Studio album by Bilal
- Released: June 30, 2015
- Genre: Soul; R&B; neo soul; hip hop soul; funk; psychedelic soul;
- Length: 38:28
- Label: eOne
- Producer: Adrian Younge

Bilal chronology
| A Love Surreal (2013) | In Another Life (2015) | Voyage-19 (2020) |

= In Another Life (album) =

In Another Life is the fourth studio album by American singer and songwriter Bilal. It was released on June 30, 2015, by Entertainment One. Bilal recorded much of In Another Life with producer and songwriter Adrian Younge, who played most of the instruments on the album. Its cover art was designed by visual artist Angelbert Metoyer.
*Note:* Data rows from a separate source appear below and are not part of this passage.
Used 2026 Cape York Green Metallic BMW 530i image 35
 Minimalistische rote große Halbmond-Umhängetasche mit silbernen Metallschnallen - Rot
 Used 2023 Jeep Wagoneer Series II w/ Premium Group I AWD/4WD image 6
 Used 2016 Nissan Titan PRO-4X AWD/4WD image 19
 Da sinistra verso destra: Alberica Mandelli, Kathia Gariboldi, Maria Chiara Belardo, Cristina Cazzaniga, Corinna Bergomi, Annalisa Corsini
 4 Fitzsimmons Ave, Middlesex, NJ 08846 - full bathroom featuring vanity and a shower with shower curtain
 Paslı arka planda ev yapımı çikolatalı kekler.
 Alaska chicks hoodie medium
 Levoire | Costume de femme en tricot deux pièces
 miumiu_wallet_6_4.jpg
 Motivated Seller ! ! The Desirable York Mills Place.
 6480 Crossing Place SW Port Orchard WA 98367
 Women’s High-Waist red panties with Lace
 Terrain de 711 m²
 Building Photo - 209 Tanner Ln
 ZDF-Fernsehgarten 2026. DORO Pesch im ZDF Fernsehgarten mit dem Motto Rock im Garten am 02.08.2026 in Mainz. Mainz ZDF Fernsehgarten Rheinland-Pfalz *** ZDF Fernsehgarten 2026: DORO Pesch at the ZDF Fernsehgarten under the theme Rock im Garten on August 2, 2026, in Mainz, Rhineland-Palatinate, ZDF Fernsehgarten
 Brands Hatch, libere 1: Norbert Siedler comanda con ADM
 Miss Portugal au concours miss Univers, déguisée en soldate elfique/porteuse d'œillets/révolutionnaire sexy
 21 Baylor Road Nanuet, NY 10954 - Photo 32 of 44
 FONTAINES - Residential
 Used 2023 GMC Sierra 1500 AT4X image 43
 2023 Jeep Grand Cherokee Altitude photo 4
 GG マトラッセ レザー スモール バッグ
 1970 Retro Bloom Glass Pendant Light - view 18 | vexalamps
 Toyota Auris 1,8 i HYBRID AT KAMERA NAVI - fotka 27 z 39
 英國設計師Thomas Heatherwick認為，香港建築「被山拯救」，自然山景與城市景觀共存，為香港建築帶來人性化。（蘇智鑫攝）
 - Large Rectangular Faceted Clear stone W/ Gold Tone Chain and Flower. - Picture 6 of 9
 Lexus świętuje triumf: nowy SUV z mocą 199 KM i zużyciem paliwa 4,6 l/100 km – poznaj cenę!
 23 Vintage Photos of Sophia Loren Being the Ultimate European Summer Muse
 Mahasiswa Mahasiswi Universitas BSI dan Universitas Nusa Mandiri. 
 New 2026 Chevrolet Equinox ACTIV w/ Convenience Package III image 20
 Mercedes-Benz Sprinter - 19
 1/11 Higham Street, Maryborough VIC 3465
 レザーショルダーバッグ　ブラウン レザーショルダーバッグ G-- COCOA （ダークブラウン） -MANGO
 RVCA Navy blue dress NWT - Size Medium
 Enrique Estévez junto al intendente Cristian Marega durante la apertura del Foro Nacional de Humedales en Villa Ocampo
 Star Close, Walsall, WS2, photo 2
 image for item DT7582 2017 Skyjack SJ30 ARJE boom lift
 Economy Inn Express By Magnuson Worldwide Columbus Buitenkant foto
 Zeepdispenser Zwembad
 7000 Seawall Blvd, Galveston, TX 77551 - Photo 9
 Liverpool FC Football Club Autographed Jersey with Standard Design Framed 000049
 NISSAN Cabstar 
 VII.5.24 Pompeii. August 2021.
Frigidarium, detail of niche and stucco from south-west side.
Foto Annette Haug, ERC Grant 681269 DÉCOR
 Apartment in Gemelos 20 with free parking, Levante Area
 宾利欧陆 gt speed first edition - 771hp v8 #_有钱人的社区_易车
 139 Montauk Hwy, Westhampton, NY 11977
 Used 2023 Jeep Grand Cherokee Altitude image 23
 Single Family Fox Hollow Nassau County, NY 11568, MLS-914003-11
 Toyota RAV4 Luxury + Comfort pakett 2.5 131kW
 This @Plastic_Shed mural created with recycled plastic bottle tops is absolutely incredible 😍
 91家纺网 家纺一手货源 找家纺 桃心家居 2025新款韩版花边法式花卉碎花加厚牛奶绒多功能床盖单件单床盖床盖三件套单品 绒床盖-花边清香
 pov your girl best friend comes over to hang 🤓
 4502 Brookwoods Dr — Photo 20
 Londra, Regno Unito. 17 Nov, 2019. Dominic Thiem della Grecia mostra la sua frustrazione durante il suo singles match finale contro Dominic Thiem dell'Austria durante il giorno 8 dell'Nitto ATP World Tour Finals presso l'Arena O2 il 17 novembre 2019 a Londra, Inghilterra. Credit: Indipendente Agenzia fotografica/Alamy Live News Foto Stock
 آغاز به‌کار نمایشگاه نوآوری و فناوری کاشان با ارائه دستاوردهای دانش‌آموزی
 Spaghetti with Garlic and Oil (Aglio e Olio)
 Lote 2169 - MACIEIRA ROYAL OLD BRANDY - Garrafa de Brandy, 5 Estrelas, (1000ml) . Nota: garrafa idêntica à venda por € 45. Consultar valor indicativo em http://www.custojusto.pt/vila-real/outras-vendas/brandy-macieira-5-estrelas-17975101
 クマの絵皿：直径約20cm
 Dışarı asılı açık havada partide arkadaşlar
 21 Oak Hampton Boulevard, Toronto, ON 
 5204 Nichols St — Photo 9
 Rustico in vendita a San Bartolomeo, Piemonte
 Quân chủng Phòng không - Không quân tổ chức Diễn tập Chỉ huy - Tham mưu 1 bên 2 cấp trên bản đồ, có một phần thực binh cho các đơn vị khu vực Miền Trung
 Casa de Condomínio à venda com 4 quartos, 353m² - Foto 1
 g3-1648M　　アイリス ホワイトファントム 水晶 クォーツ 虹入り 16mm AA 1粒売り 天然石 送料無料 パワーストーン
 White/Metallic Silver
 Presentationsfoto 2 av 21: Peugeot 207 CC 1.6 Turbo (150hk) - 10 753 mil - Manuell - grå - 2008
== Release and reception ==

In Another Life was released by Entertainment One on June 30, 2015, to generally positive reviews from critics. At Metacritic, which assigns a normalized rating out of 100 to reviews from mainstream publications, the album received an average score of 78, based on 8 reviews. Album of the Year, another aggregate website, gave it a 74 out of 100, which ranked it 11th among psychedelic soul albums featured on the website.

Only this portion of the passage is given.